Combining your site objectives with a deep knowledge of your users means you can begin to review the likely journeys users will take on your site. Once you have this insight you can craft an online experience that is ‘easy to use’ and matches users expectations.
3. Getting the content right
Put yourself in the position of a new visitor when you review the content on your site. Where on the screen are your eyes drawn? Is it obvious what your business does? What are the most prominent calls to action? Does it persuade someone to take another action? Is there enough information on the page? Is the content self-explanatory enough? Are there obvious help prompts if needed?
4. Become the user
Whether the goal of your site is to make a purchase or to input data, you need to go through that process as if you were a new user. Is it confusing or overly complex? Are there any obstacles that would prevent someone from converting or completing the desired actions? What happens if the user has a question during the process, perhaps about delivery costs or returns, how does that affect their journey? What improvements can be made to overcome any barriers?
5. Use relevant UX best practice
Whilst anyone could just do a web search for UX best practice techniques, there are real dangers of best practice being out-dated and/ or applied incorrectly.
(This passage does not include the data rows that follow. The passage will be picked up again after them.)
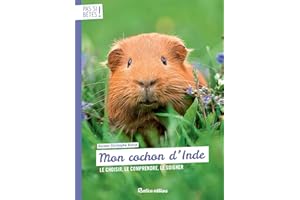 Mon cochon d'Inde: Le choisir, le comprendre, le soigner (Pas si bêtes !) (French Edition)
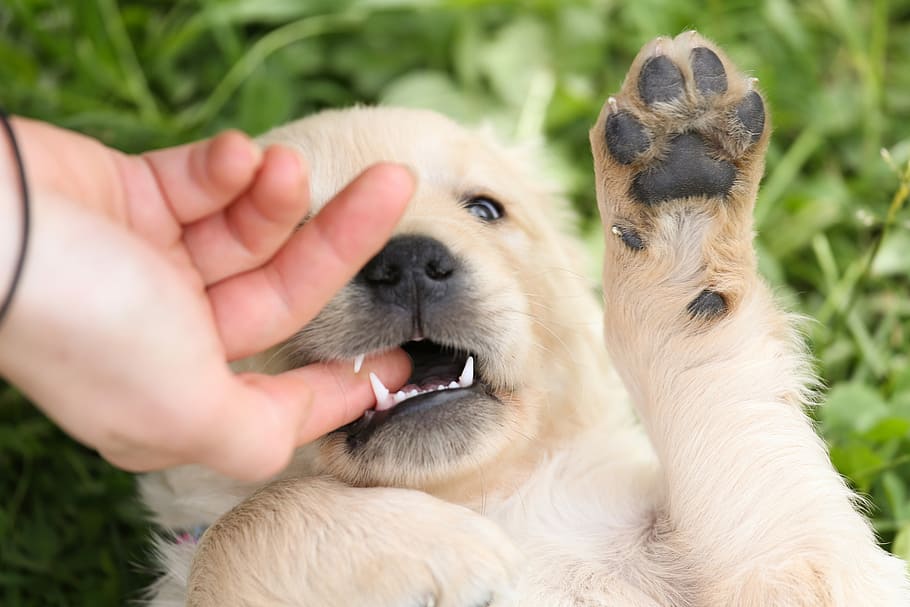 osoba ukazováček, uvnitř, pusa, hnědý, krátký, potažené, štěně, osoba, ukazováček, Zlatý retriever, Pes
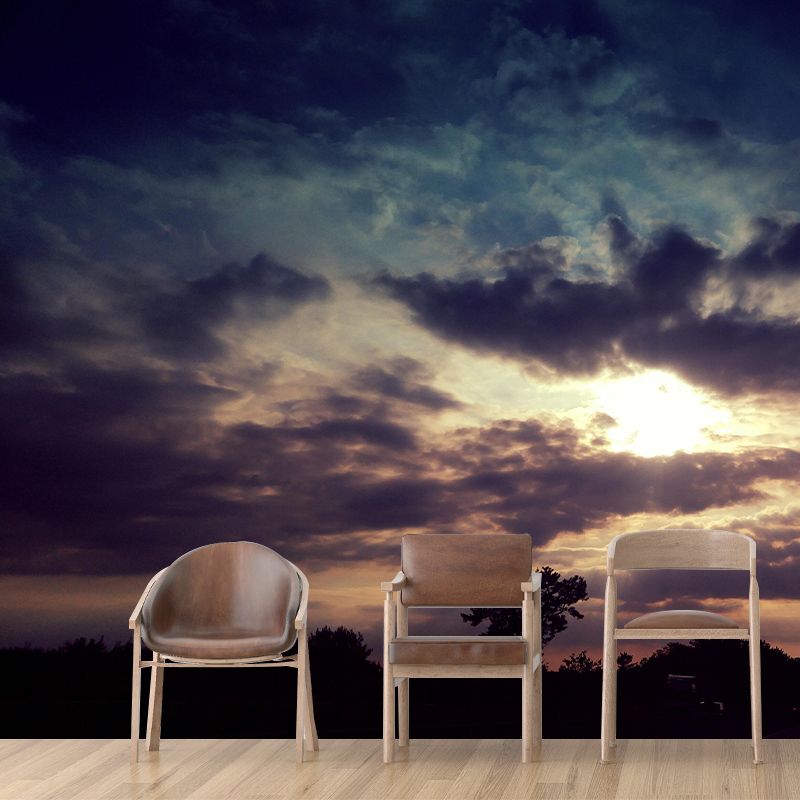 Contemporary Style Cloudscape Mural Mildew Resistant Wall Covering for Room Decor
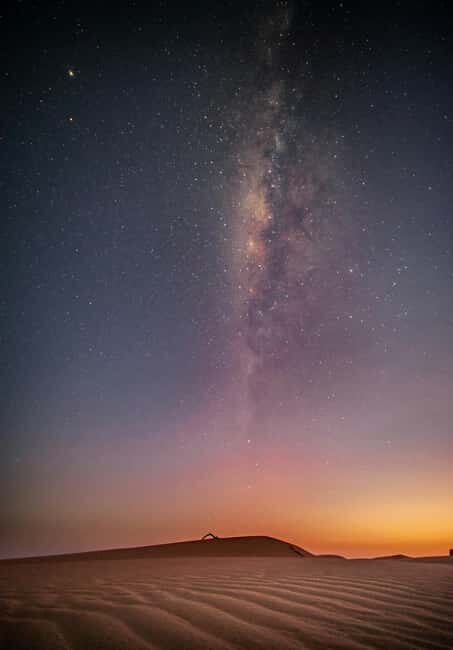 Doha: Night Desert Safari, Stargazing, and Camel Ride - Who Will Love This Tour?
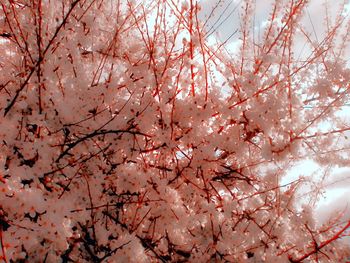 Pink flowers on tree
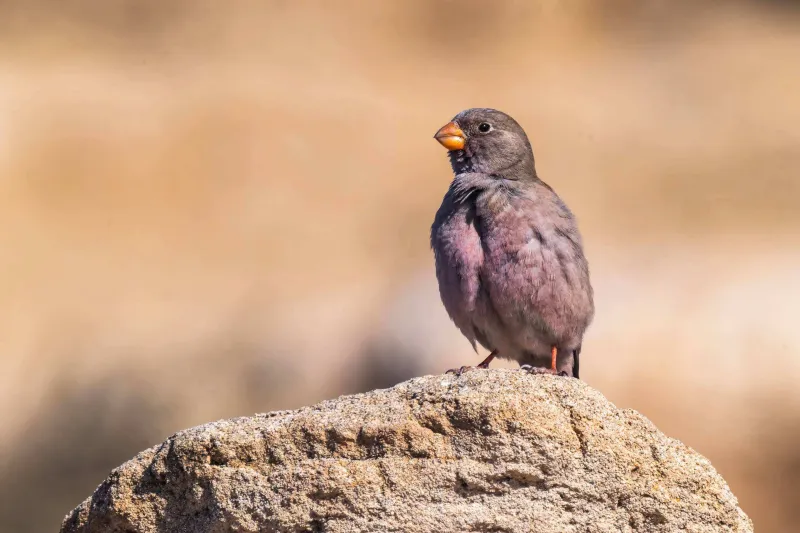 Trumpeter Finch (Bucanetes githagineus)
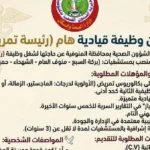 وظائف شاغرة في المنوفية لرئيسة تمريض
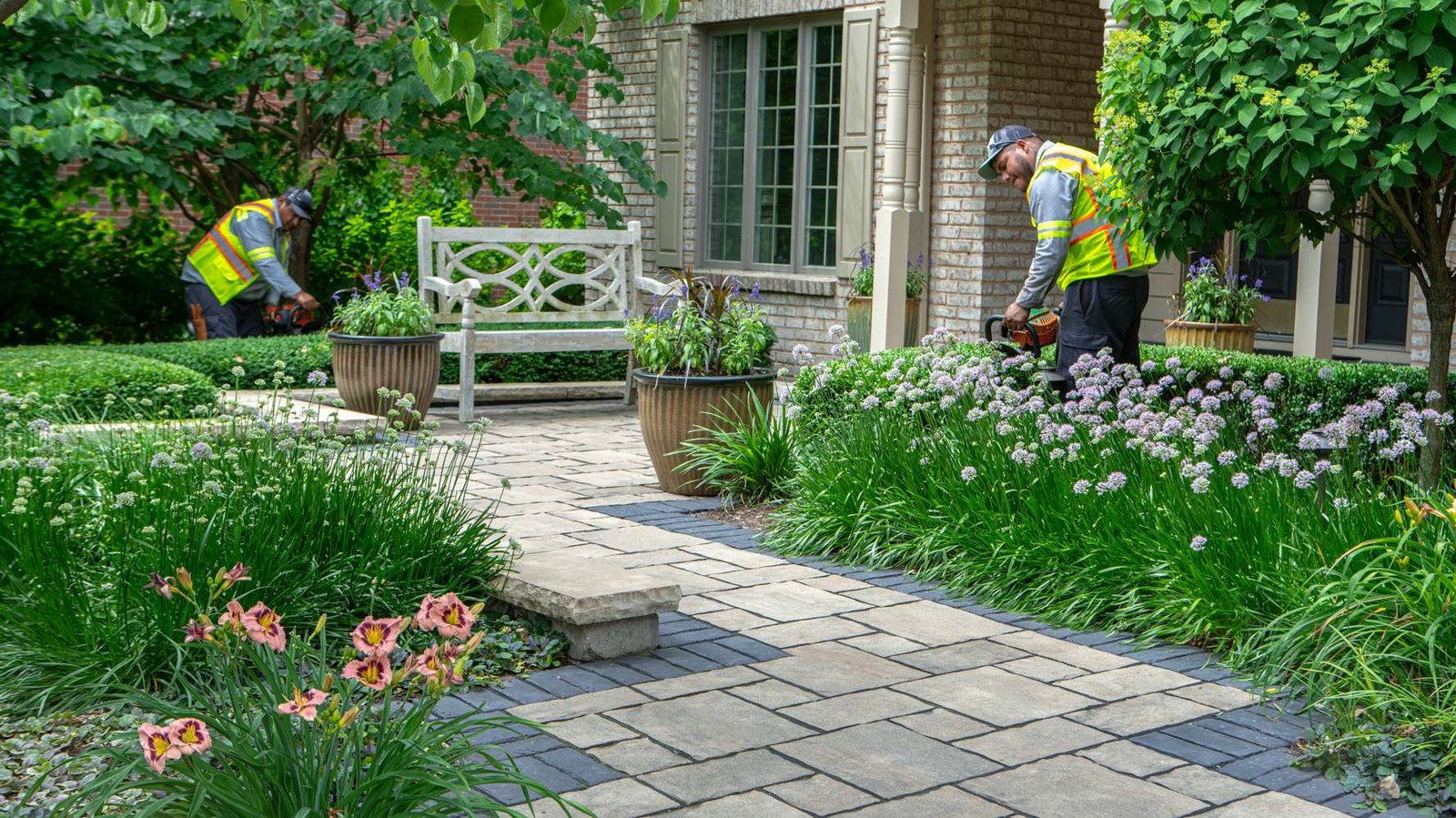 Landscaping crew maintaining a paver walkway and plantings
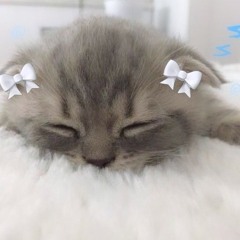 мяу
An UX professional who has up-to-date knowledge and experience of working with different types of digital products would be best placed to advise on the most relevant improvements for your site. An expert review documents actionable recommendations specifically tailored to your site, your business objectives and your users goals.
6. Small changes to make a big impact
UX expert Jared Spool describes how the simple change of a button translated into $300 million in increased revenue. Following user research he discovered the resistance users felt towards having to register for an account for a major e-commerce website. Whilst those who created site believed that having an account would be a good user experience to speed up repeat purchases, users in this case thought the complete opposite. The hassle of remembering the login details and the effort of going through the process of requesting forgotten passwords, was costing the company millions as user were simply abandoning their purchases.
By simply changing the ‘register’ button and giving people a chance to ‘Continue’ without registering, enabled people to go through the checkout process quicker. The impact of this change increased the number of customers purchasing by 45%, resulting in an extra $15 million in the first month, and £300 million in the first year.
Whilst this example is somewhat dated, its purpose is to demonstrate that making assumptions about users is dangerous, and how small valuable changes based on user insight can make a huge difference.
An additional benefit of making these incremental changes is that it can be easier for users to accept smaller differences as opposed to them feeling they need to adapt to a completely new site.
In summary
The main principles of UX are about investing in research and insights to inform a user-centric design that is as effortless as possible. If you don’t have the budgets for a full redevelopment, as a minimum, identifying the must-have user-centric changes can make all the difference between a website or application that is a success or a failure.